In the heart of Paris’ Triangle d’or, a bright orange glow shines from the center of a new Issey Miyake store.

According to the designer Tokujin Yoshioka, this shade represents the feelings evoked by Paris, but also instills the emotions he hopes the space brings its visitors. It’s created through the use of bright orange aluminum sheets, which are applied across the walls of the two-floor boutique.

“In Issey Miyake’s flagship stores around the world, I’ve tried to incorporate symbolic colors into the space that evoke the city in which they are located,” Yoshioka tells Hypebeast. “This orange is also the color of the sun, which gives a sense of energy for the future.”

In addition, the use of a bright colour juxtaposes the rest of the 19th century space. This blending of the old and the new was a foundational concept to the overall interior design, and manifests in other details dotted around the building – from clear glass furniture, to traditional terrazzo flooring. From the outside, however, it was important that the building appeared much as it would’ve done when it was designed some 200 years ago.

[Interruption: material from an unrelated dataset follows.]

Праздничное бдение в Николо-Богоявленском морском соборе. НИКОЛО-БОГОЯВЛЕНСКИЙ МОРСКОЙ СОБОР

“I like to think about history and the future, and times not experienced by people today,” Yoshioka says. “I wanted to create a space that symbolizes energy for the future to represent the brand by retaining historical elements such as the façade and structural elements while contrasting and merging them with the contemporary interior.”

“I try to create spaces that have never been seen before”

As you’d expect with a Yoshioka project, the store is minimalistic in style. Long rails are crafted from brushed metal, mirrors sit flush to the wall, and display surfaces are made out of glass panels. In the centre of the store, beige-toned stools allow for a perching spot, and are inconspicuous enough as to not interfere with the rest of the design. “The space is designed to be minimalistic and the details are designed to give the impression of lightness,” the designer says.”For example, the clear glass furniture and long hanger rails are designed to give the appearance of clothes floating lightly in the air.”

The Paris flagship is the latest in a long string of collaborations between the Japanese designer and fashion label. Yoshioka met Issey Miyake over three decades ago, when he studied under himself and Shiro Kuramata – the creator of the iconic Miss Blanche chair.

“I actually met Issey Miyake through Shiro Kuramata,” Yoshioka – who was born in 1967 – recalls. “At Mr. Miyake’s studio, I was designing accessories such as hats and bags for the Paris Collection, and I was in charge of the installations for the exhibitions, including the “Making Things” exhibition held at the Fondation Cartier pour l’art contemporain.” In the years since, the designer has kept a close relationship with the brand, and has gone on to create flagship stores in Tokyo, Milan, and London, among others.

But when designing spaces for a brand that makes minimalism its mission, where do you look for fresh inspiration? “In Issey Miyake’s work, I have always noticed the challenge of new expressions,” he says. “In response to this characteristic, I try to create spaces that have never been seen before.”

The new Issey Miyake store is located on 28 rue François 1er, and opens to the public on February 26.